* Data extract *
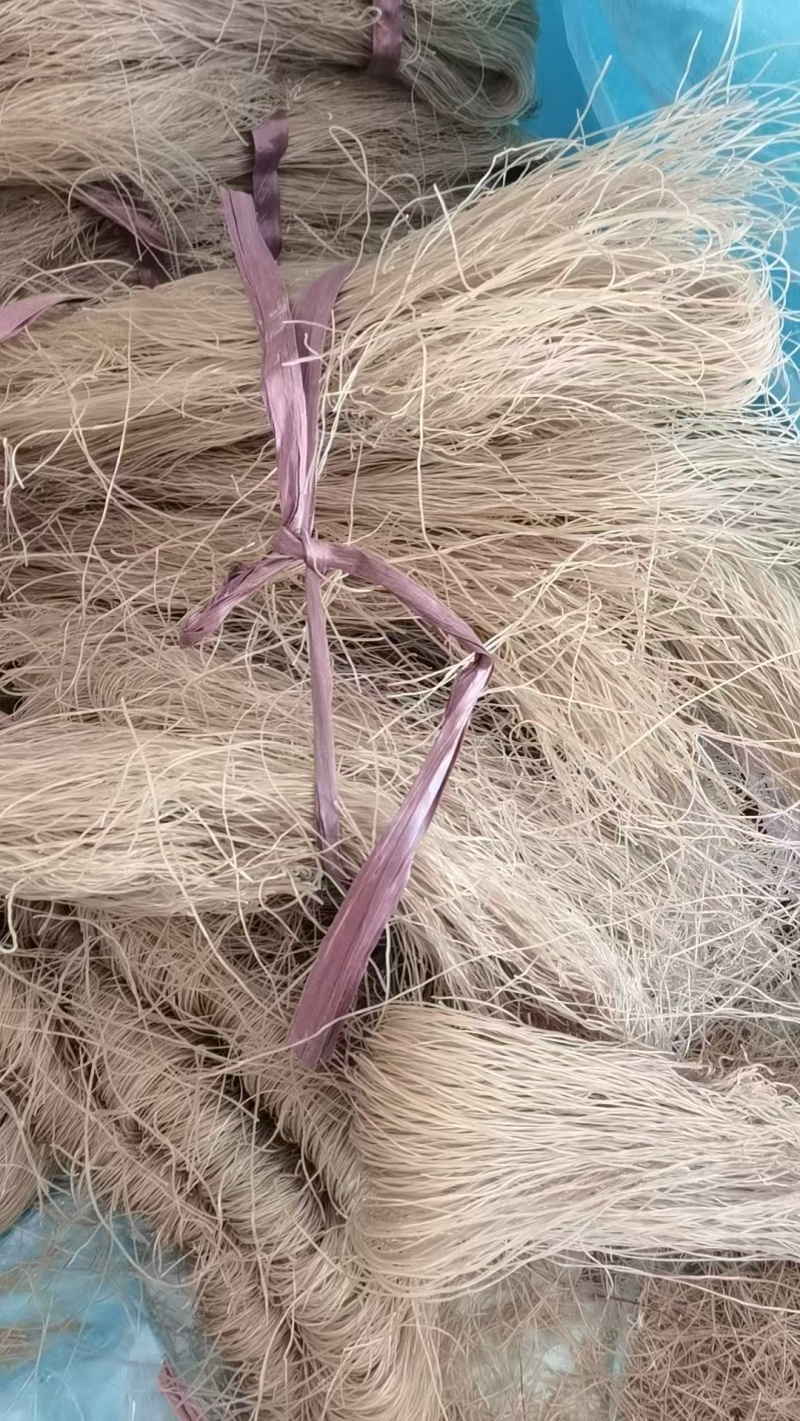 红薯粉丝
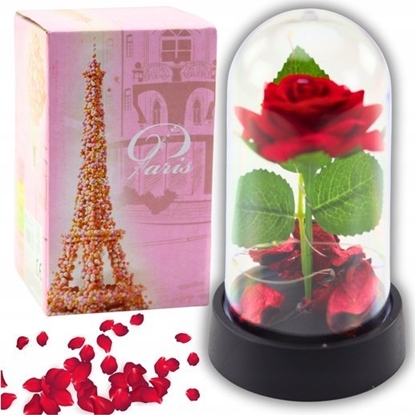 Picture of Wieczna Róa w Kopule z Owietleniem LED Czerwona z Patkami Ró 14x8cm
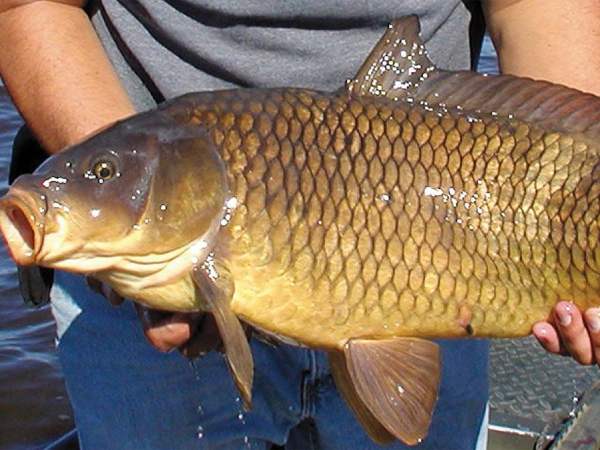 cá chép số mấy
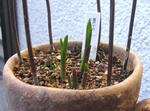 szk090112 002.01.jpg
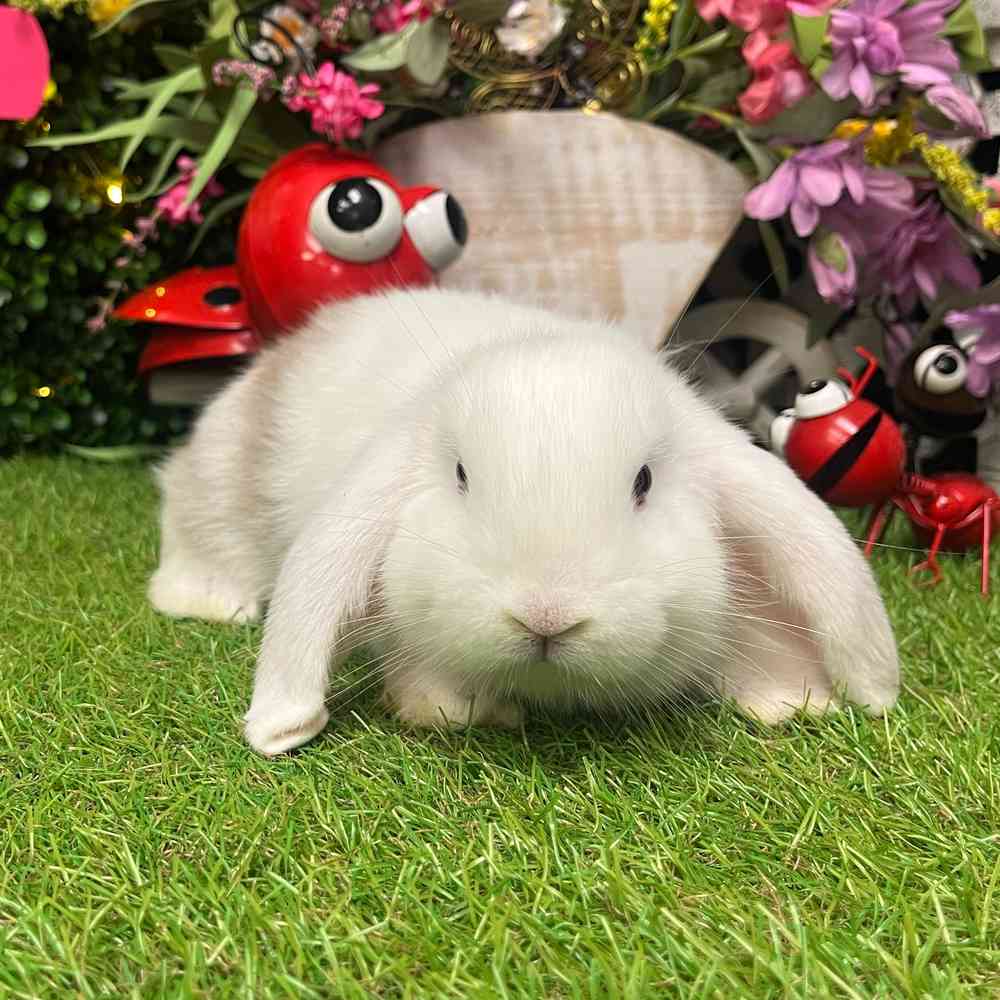 Image of a pet breed in the gallery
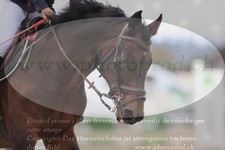 ref. photo 3349307
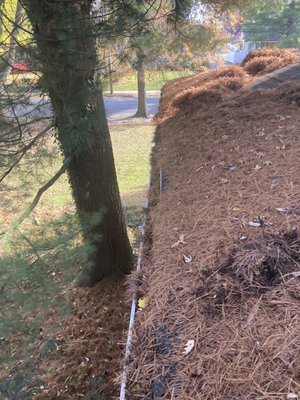 Gutter Cleaning - This roof when we arrived was really dirty with leafs and debris all over the house. We take our time to leave a nice clean roof.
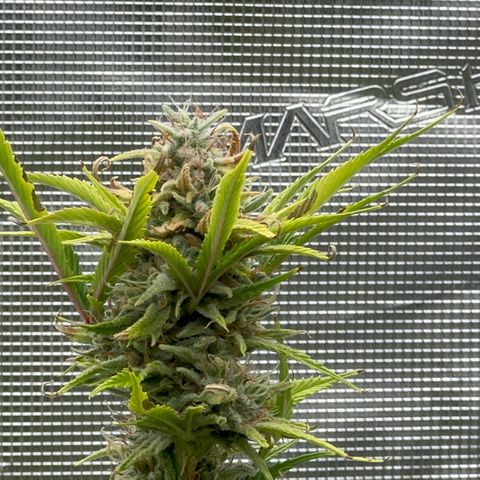 Knows Candy growlog timeline photo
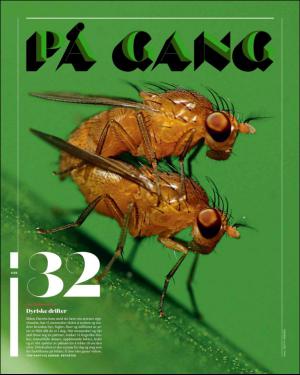 verdensgang_helg-20160423_000_00_00_007.pdf
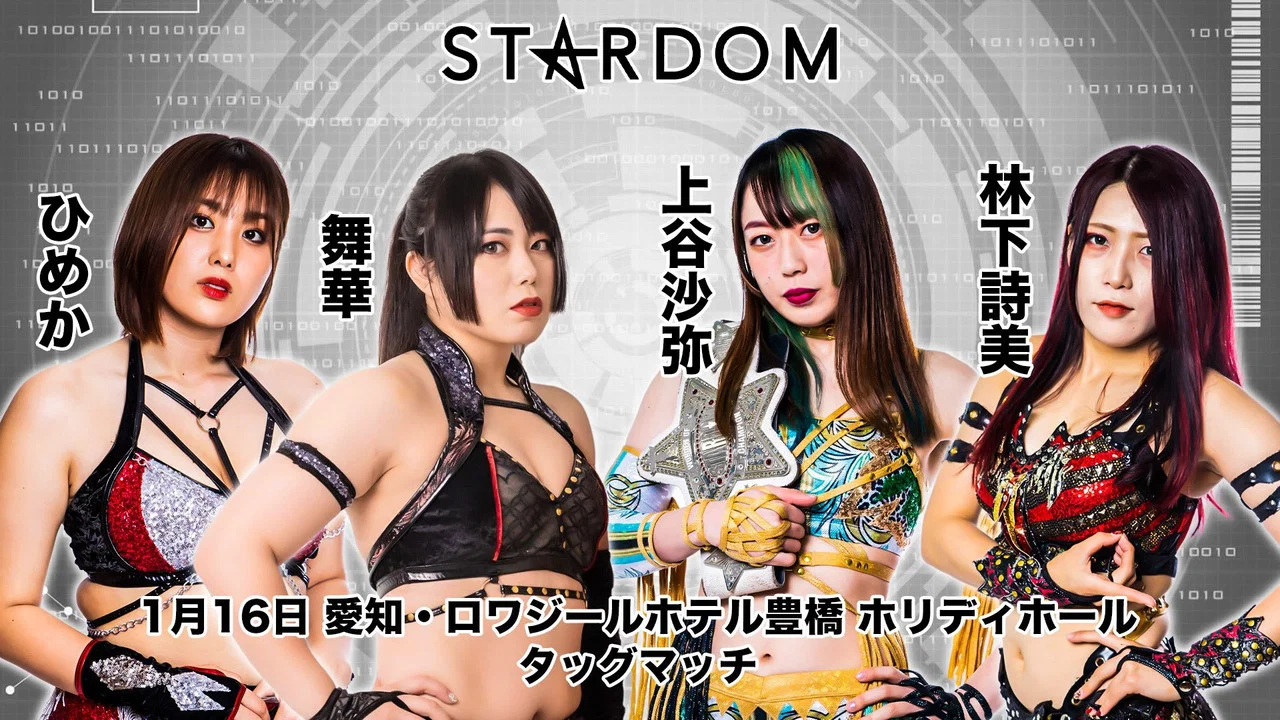 スターダム豊橋大会 - 剧照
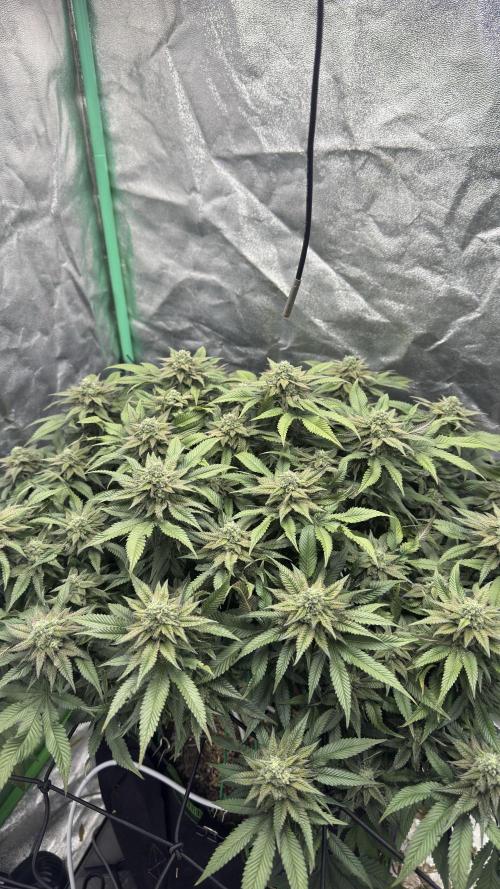 Step-Grower, Help! I'm Stuck (with BBC). Week 14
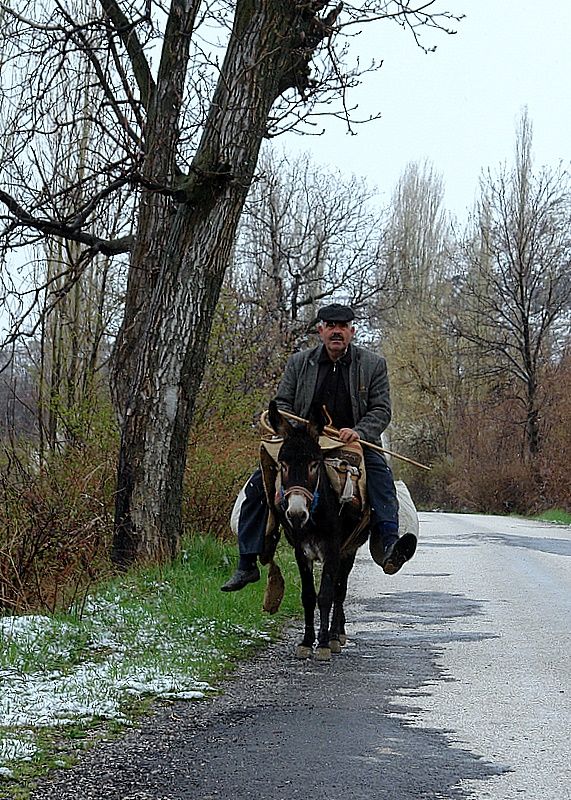 suat hocam aram...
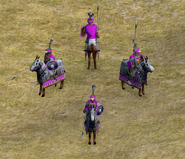 Heavy Knight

* What the exercise asks *
Leave out every picture and copy the rest of the records exactly.

* Task solution *
 红薯粉丝
 Picture of Wieczna Róa w Kopule z Owietleniem LED Czerwona z Patkami Ró 14x8cm
 cá chép số mấy
 szk090112 002.01.jpg
 Image of a pet breed in the gallery
 ref. photo 3349307
 Gutter Cleaning - This roof when we arrived was really dirty with leafs and debris all over the house. We take our time to leave a nice clean roof.
 Knows Candy growlog timeline photo
 verdensgang_helg-20160423_000_00_00_007.pdf
 スターダム豊橋大会 - 剧照
 Step-Grower, Help! I'm Stuck (with BBC). Week 14
 suat hocam aram...
 Heavy Knight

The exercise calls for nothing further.